- RECORDED DATA:
---*---

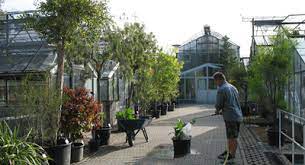 Der botanische garten dahlem ist ein beliebtes ausflugsziel bei berlinern und besuchern. Gewachshauser Botanischer Garten Der Johannes Gutenberg Universitat Mainz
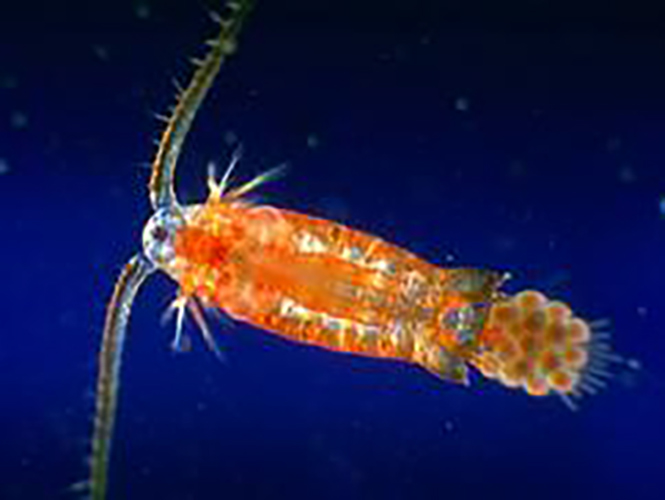 Copepods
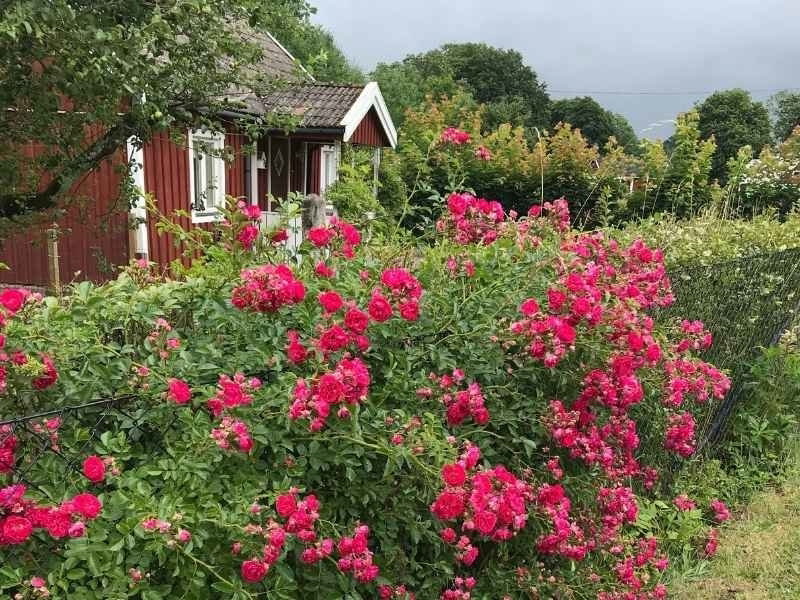 Natuurhuisje in Hässleholm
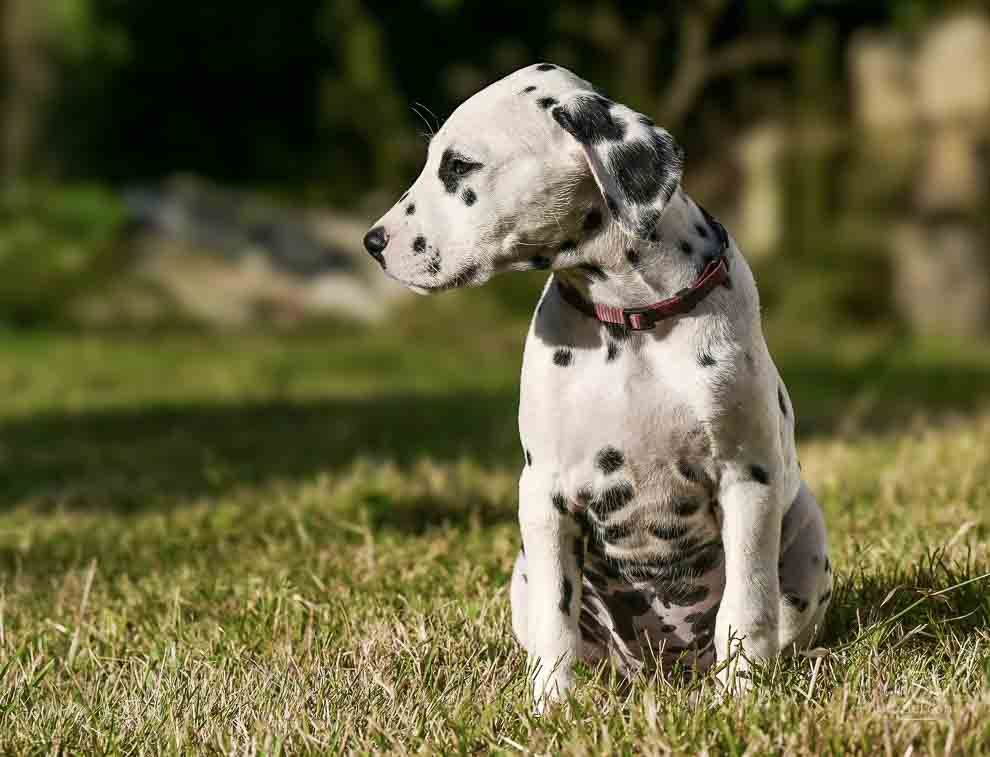 Photo d&apos;un chien regardant à gauche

---*---

- TASK ITEM: When you copy the data, keep every line exact and leave out each picture.

- RESPONSE BOX:
 Der botanische garten dahlem ist ein beliebtes ausflugsziel bei berlinern und besuchern. Gewachshauser Botanischer Garten Der Johannes Gutenberg Universitat Mainz
 Copepods
 Natuurhuisje in Hässleholm
 Photo d&apos;un chien regardant à gauche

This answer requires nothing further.